Brief:
The records are set out below this line. Return exactly the lines from the one containing "Pandya’s blazing 77*" through the last, and exclude the pictures.

Image-caption web data
↓

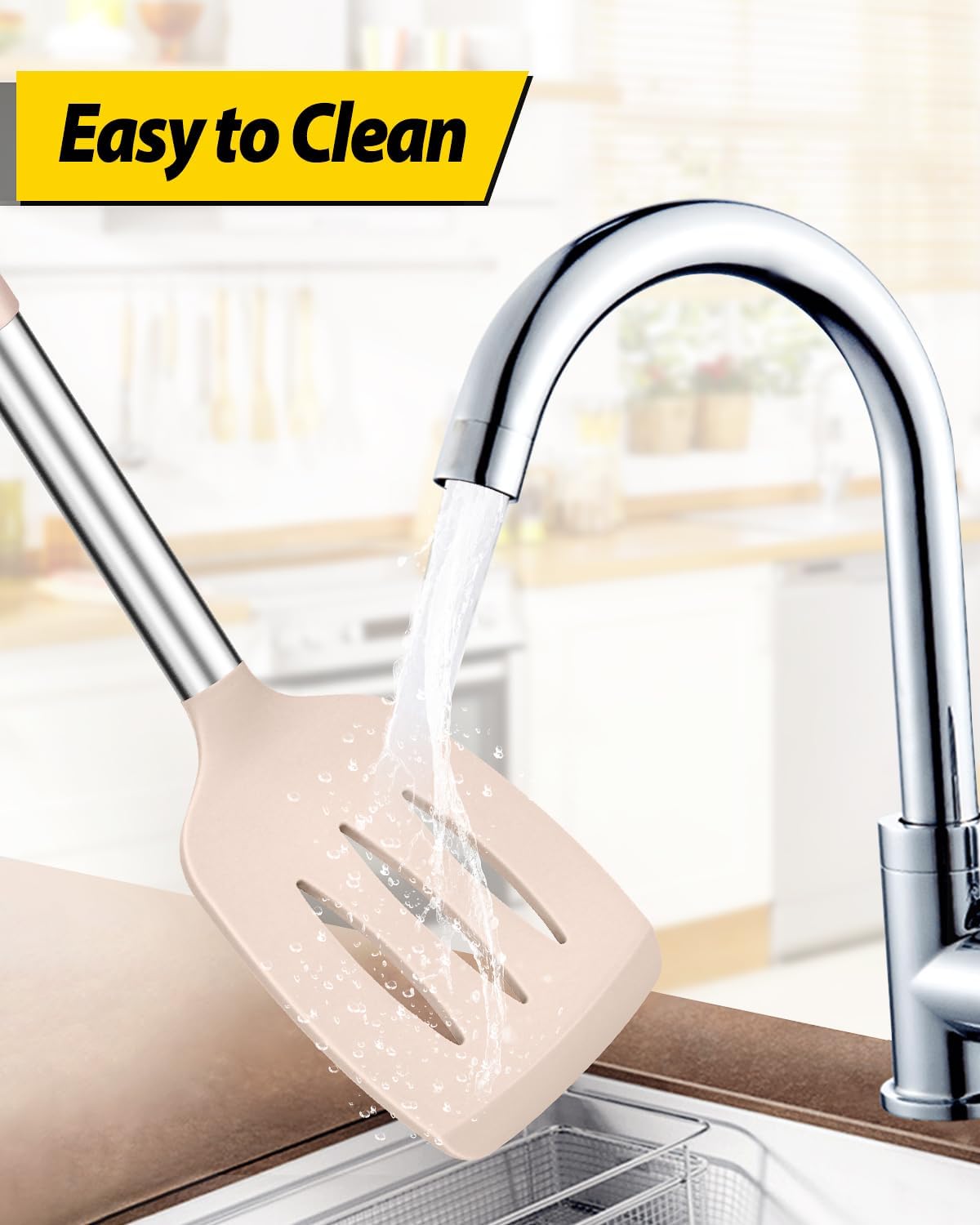 Pack of 4 Silicone Cooking Utensils Set, Non Stick Large Solid Spatulas, Heat Resistant Stainless Steel Khaki Slotted Spoons, Ideal BPA Free Kitchen Turners for Frying, Mixing,Serving,Draining,Turning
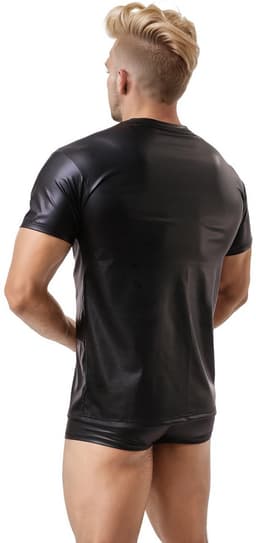 Glanzend wetlook shirt heren – maat M – strakke fetish clubwear kleding – korte mouw t-shirt voor mannen — thumbnail 4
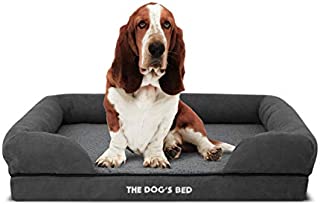 The Dogs Bed Orthopedic Dog Bed Medium Grey Plush 30x23.5, Premium Memory Foam, Pain Relief: Arthritis, Hip & Elbow Dysplasia, Post Surgery, Lameness, Supportive, Calming, Waterproof Washable Cover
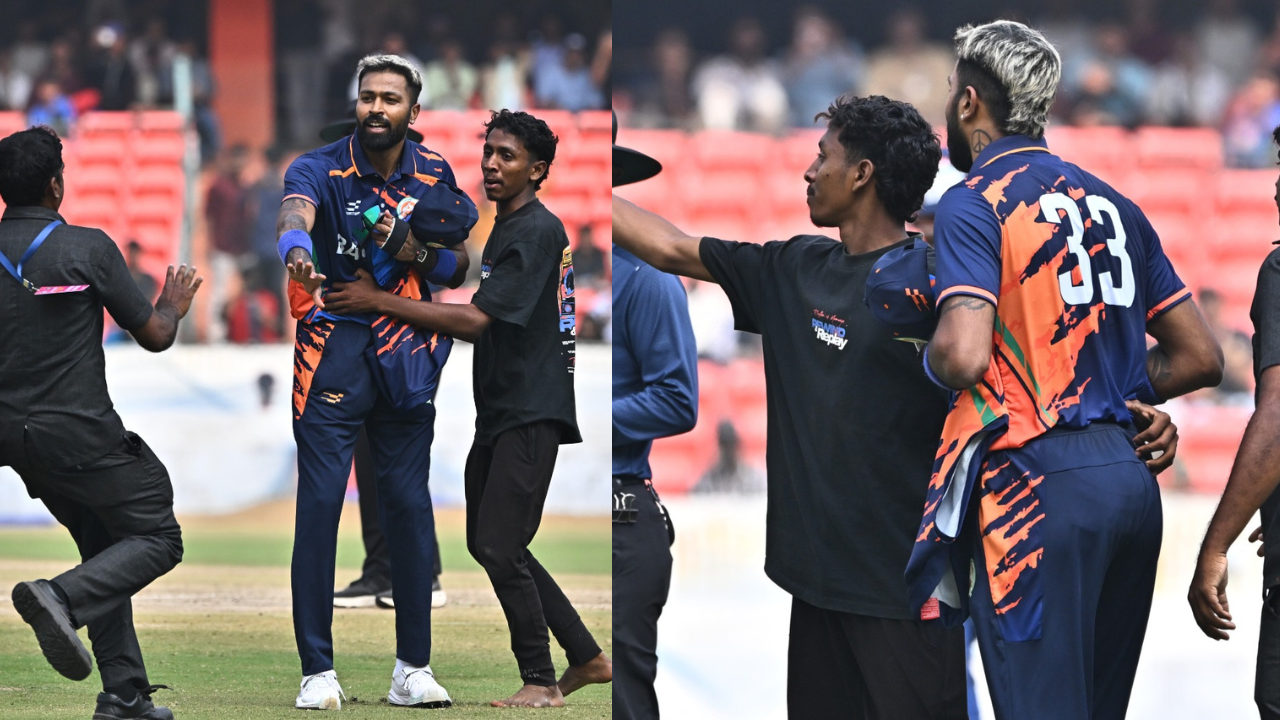 Pandya’s blazing 77* powers Baroda to record chase; fan breaks security cordon - watch
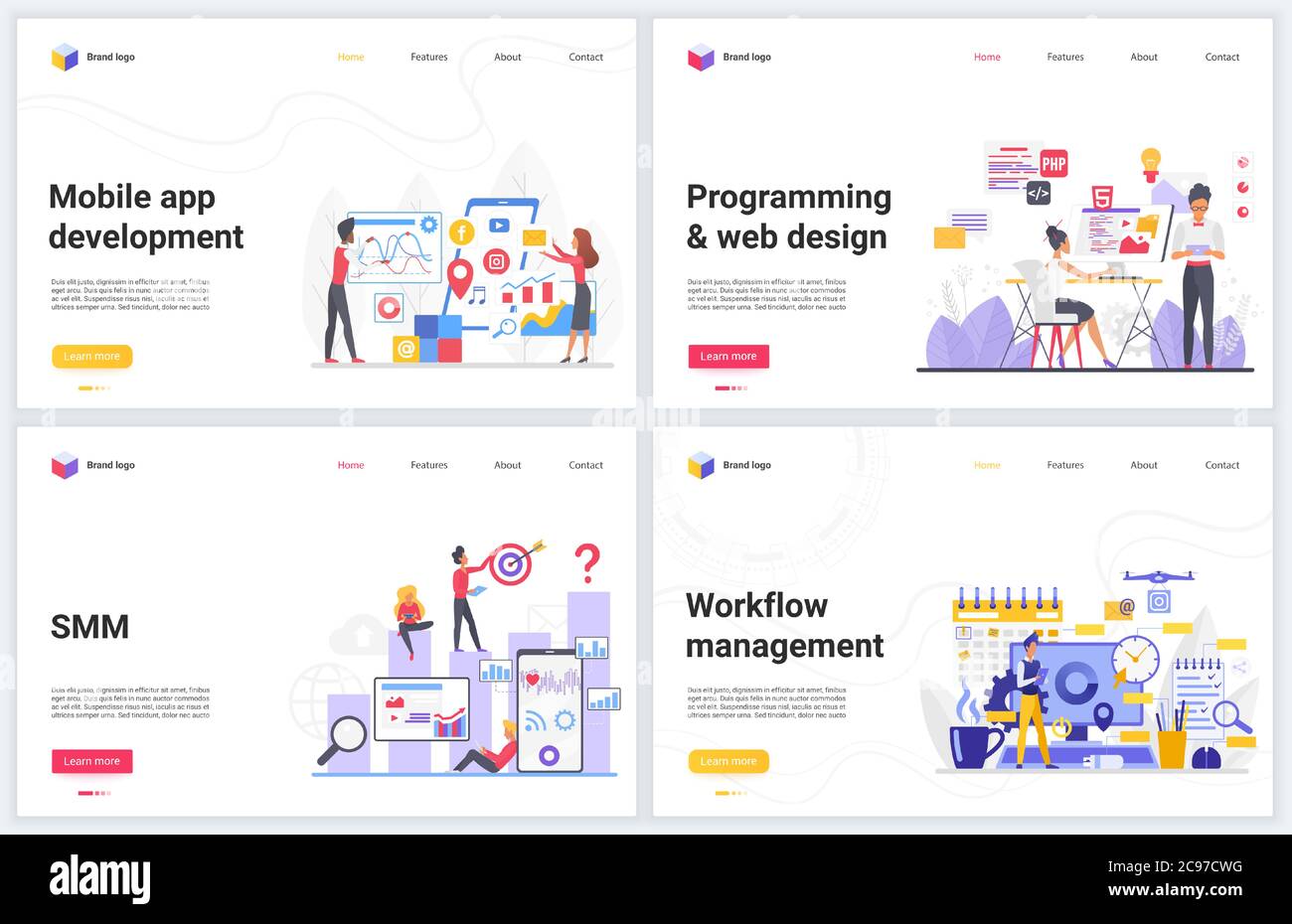 Mobile App Entwicklung, smm seo Technologie Vektor Illustrationen. Cartoon flach Entwickler Design Template-Set, kreative Website-Schnittstelle mit Workflow-Management, Programmierung, Entwicklung von Anwendungen Stock Vektor
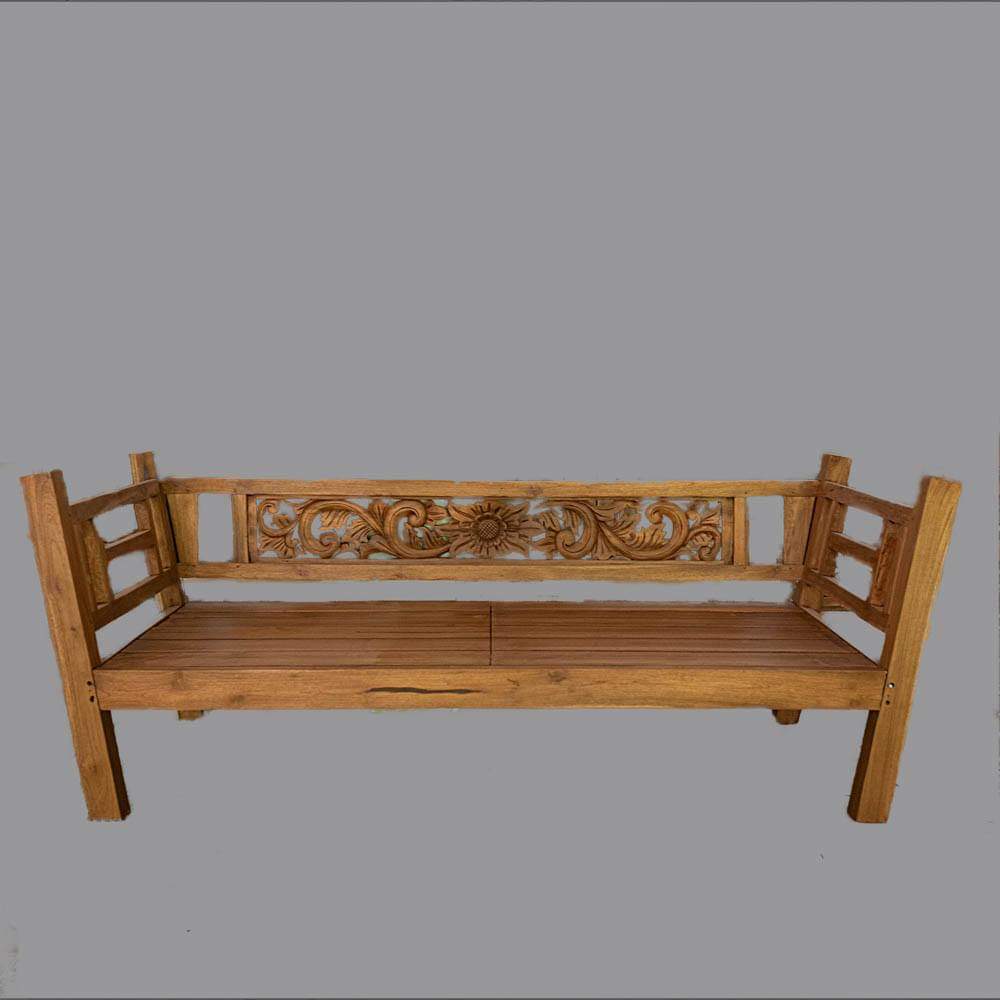 Batubulan Miring Recycled Teak Daybed Single (Natural)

↑

Your response:
 Pandya’s blazing 77* powers Baroda to record chase; fan breaks security cordon - watch
 Mobile App Entwicklung, smm seo Technologie Vektor Illustrationen. Cartoon flach Entwickler Design Template-Set, kreative Website-Schnittstelle mit Workflow-Management, Programmierung, Entwicklung von Anwendungen Stock Vektor
 Batubulan Miring Recycled Teak Daybed Single (Natural)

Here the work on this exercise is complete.